++++ Dataset excerpt
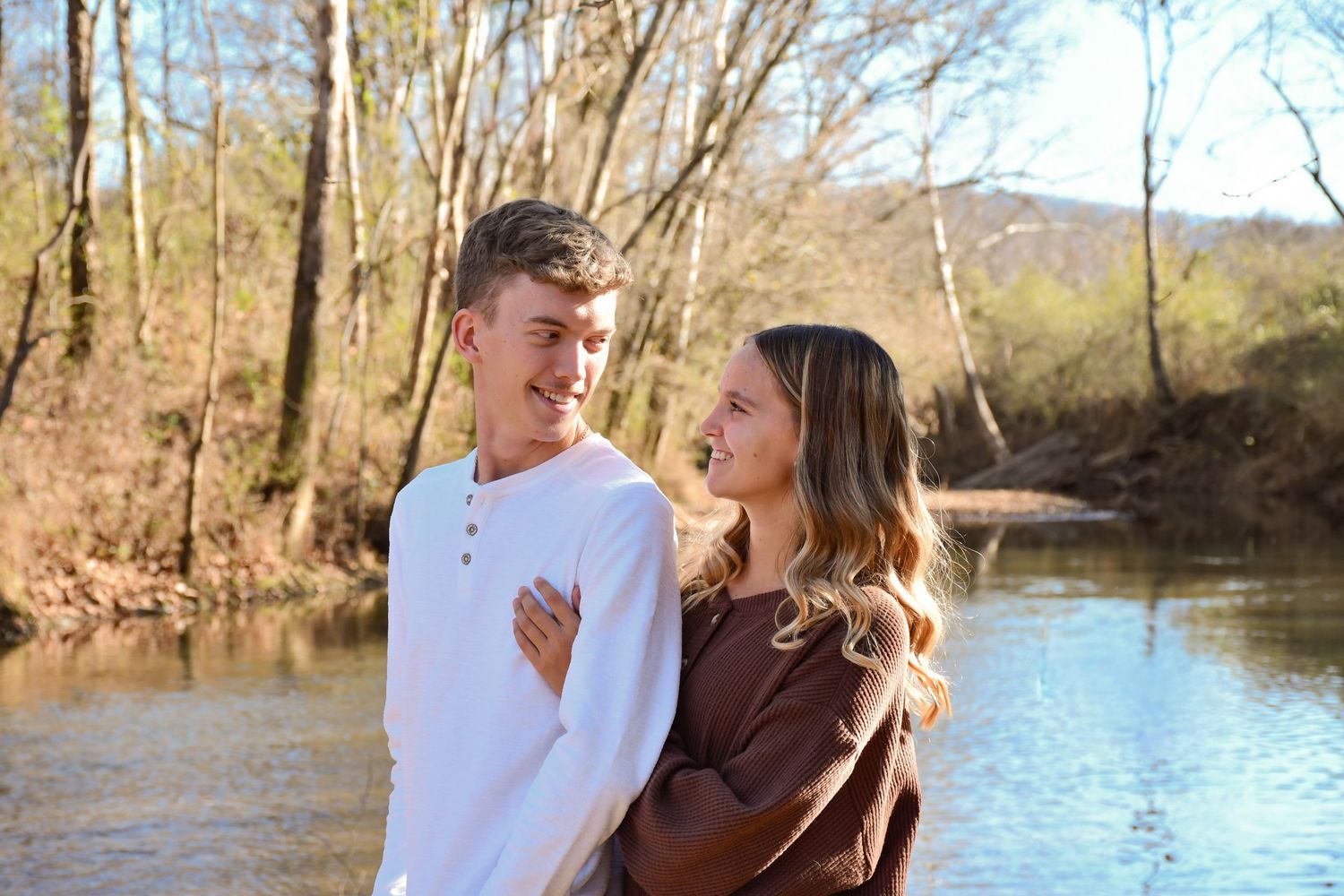 A young couple posing by a river with the man facing opposite of her but also admiring her from the front, while she holds onto him.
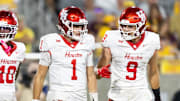 Oct 25, 2025; Tempe, Arizona, USA; Houston Cougars quarterback Conner Weigman (1) and tight end Tanner Koziol (9) against the Arizona State Sun Devils at Mountain America Stadium. Mandatory Credit: Mark J. Rebilas-Imagn Images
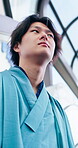 Culture, thinking and yakata with Asian man in city for commute, journey or traditional clothes. Escalator, ideas and travel with Japanese person outdoor in urban town for break, trip or vision
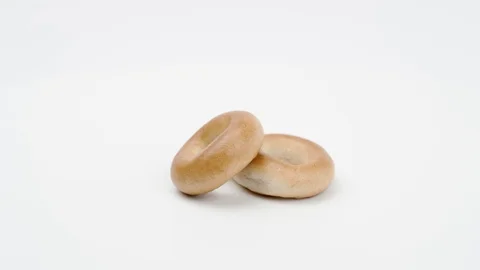 Small bagels drying on a white background. Rotation. Видео 129026481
++++++++
What you need to do -
Except for the pictures, return every line of the material exactly.

Answer box -
 A young couple posing by a river with the man facing opposite of her but also admiring her from the front, while she holds onto him.
 Oct 25, 2025; Tempe, Arizona, USA; Houston Cougars quarterback Conner Weigman (1) and tight end Tanner Koziol (9) against the Arizona State Sun Devils at Mountain America Stadium. Mandatory Credit: Mark J. Rebilas-Imagn Images
 Culture, thinking and yakata with Asian man in city for commute, journey or traditional clothes. Escalator, ideas and travel with Japanese person outdoor in urban town for break, trip or vision
 Small bagels drying on a white background. Rotation. Видео 129026481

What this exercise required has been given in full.